*Exercise aim*.
Each line of the data must be given back verbatim, with pictures removed.

*Input data*.
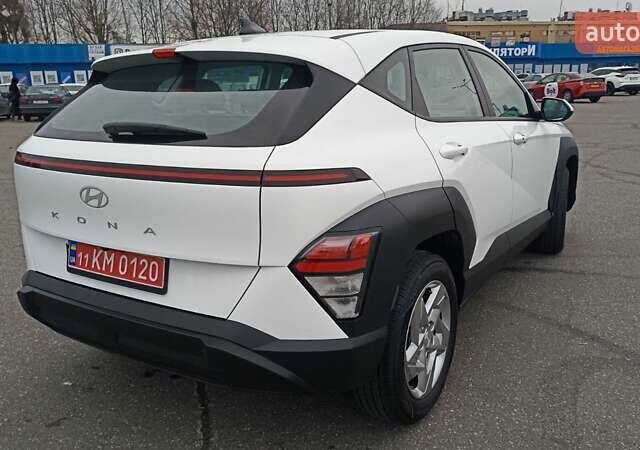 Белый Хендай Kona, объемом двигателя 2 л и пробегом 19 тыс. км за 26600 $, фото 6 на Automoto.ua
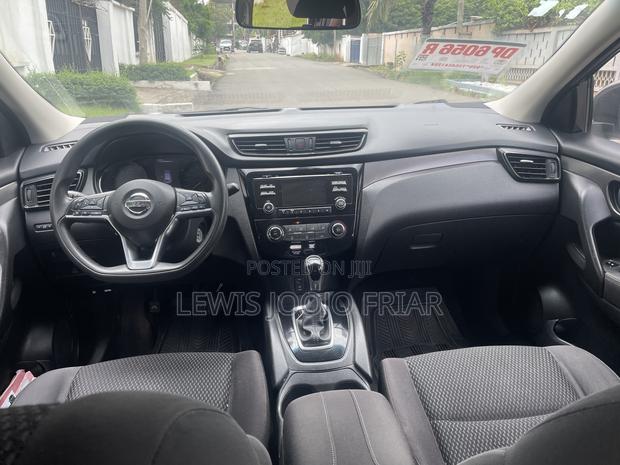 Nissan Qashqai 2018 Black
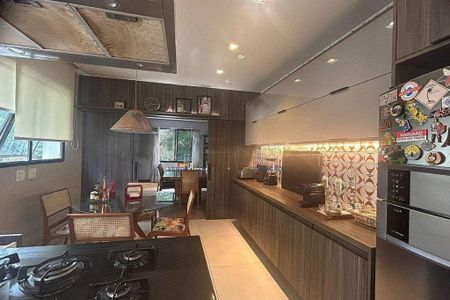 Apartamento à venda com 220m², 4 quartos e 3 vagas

*The answer*.
 Белый Хендай Kona, объемом двигателя 2 л и пробегом 19 тыс. км за 26600 $, фото 6 на Automoto.ua
 Nissan Qashqai 2018 Black
 Apartamento à venda com 220m², 4 quartos e 3 vagas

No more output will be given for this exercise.